> What this task involves
After locating the line with "thylakoids)" in the data that follows, return it and every later line exactly, up to and including the line with "Kocurki proszą o dom".

Crawled caption data
==========
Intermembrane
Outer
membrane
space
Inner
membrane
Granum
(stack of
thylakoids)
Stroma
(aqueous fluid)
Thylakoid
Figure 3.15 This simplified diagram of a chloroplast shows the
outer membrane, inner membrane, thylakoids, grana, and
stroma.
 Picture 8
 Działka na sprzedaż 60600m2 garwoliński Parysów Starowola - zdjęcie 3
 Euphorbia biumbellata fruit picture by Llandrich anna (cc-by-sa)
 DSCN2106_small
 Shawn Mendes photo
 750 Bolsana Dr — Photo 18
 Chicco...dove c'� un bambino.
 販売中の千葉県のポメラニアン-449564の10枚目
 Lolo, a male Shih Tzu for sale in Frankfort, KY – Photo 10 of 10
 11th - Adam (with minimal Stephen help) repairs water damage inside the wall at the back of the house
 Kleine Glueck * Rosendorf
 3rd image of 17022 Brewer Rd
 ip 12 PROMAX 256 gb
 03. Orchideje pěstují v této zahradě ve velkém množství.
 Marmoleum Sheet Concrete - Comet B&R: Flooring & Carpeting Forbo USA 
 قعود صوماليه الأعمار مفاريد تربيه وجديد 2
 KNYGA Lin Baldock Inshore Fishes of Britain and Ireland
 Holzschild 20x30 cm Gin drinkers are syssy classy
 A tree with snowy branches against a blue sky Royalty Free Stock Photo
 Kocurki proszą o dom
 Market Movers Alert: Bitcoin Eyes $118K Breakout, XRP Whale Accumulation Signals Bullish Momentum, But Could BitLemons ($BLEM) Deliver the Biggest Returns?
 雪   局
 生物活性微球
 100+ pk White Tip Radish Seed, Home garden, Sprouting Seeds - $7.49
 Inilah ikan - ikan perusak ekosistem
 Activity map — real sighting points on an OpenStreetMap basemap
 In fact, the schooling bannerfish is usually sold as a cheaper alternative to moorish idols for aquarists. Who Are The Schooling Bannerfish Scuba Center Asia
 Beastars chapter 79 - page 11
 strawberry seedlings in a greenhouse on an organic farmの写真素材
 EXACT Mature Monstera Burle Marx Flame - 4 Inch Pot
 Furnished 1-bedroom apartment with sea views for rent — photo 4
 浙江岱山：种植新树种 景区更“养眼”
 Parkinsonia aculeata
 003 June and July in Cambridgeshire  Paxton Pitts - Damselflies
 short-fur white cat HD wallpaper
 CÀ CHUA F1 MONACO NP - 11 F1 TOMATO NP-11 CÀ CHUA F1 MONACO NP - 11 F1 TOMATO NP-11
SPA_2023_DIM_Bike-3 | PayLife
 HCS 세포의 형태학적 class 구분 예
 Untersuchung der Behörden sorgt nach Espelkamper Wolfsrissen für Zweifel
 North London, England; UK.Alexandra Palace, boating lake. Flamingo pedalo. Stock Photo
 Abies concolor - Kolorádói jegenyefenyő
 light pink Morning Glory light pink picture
==========
> Task solution
thylakoids)
Stroma
(aqueous fluid)
Thylakoid
Figure 3.15 This simplified diagram of a chloroplast shows the
outer membrane, inner membrane, thylakoids, grana, and
stroma.
 Picture 8
 Działka na sprzedaż 60600m2 garwoliński Parysów Starowola - zdjęcie 3
 Euphorbia biumbellata fruit picture by Llandrich anna (cc-by-sa)
 DSCN2106_small
 Shawn Mendes photo
 750 Bolsana Dr — Photo 18
 Chicco...dove c'� un bambino.
 販売中の千葉県のポメラニアン-449564の10枚目
 Lolo, a male Shih Tzu for sale in Frankfort, KY – Photo 10 of 10
 11th - Adam (with minimal Stephen help) repairs water damage inside the wall at the back of the house
 Kleine Glueck * Rosendorf
 3rd image of 17022 Brewer Rd
 ip 12 PROMAX 256 gb
 03. Orchideje pěstují v této zahradě ve velkém množství.
 Marmoleum Sheet Concrete - Comet B&R: Flooring & Carpeting Forbo USA 
 قعود صوماليه الأعمار مفاريد تربيه وجديد 2
 KNYGA Lin Baldock Inshore Fishes of Britain and Ireland
 Holzschild 20x30 cm Gin drinkers are syssy classy
 A tree with snowy branches against a blue sky Royalty Free Stock Photo
 Kocurki proszą o dom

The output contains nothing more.